--- Work required ---
Look for the word "shoe" in the entries and copy every line where it shows up.

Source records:
'''

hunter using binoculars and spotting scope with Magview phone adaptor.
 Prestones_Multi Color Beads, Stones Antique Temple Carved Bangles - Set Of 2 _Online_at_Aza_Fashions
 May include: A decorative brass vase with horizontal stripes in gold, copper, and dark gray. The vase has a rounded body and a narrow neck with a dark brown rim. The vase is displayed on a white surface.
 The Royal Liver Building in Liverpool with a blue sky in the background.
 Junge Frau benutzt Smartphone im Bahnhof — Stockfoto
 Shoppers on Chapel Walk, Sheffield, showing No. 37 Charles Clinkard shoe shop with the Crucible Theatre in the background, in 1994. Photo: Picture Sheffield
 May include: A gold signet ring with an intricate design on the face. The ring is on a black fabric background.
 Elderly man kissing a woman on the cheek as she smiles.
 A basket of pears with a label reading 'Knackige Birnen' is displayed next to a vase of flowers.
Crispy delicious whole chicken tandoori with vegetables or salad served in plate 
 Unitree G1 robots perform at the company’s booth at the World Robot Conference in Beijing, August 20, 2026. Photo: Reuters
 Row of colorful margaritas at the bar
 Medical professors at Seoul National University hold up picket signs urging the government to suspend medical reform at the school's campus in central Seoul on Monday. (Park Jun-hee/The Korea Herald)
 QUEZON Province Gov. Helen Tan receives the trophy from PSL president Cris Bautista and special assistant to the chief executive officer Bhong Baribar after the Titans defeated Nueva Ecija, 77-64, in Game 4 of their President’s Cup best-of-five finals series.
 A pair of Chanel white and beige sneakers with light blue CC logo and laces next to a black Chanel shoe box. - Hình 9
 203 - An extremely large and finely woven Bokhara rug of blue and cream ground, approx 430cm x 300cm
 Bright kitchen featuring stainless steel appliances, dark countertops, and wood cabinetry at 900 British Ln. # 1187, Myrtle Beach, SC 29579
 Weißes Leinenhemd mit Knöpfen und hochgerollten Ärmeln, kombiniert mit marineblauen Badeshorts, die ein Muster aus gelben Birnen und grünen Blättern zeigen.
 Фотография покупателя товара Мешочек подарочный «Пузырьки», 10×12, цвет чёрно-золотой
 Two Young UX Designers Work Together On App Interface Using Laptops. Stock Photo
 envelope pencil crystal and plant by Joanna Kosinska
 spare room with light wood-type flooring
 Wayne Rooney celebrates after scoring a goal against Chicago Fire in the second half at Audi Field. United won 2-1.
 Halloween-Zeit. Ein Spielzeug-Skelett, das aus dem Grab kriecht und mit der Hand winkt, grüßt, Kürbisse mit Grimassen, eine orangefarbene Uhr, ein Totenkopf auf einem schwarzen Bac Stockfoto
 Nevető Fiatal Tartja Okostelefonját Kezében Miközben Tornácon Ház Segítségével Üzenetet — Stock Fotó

'''

--- Solution for this exercise ---
 Shoppers on Chapel Walk, Sheffield, showing No. 37 Charles Clinkard shoe shop with the Crucible Theatre in the background, in 1994. Photo: Picture Sheffield
 A pair of Chanel white and beige sneakers with light blue CC logo and laces next to a black Chanel shoe box. - Hình 9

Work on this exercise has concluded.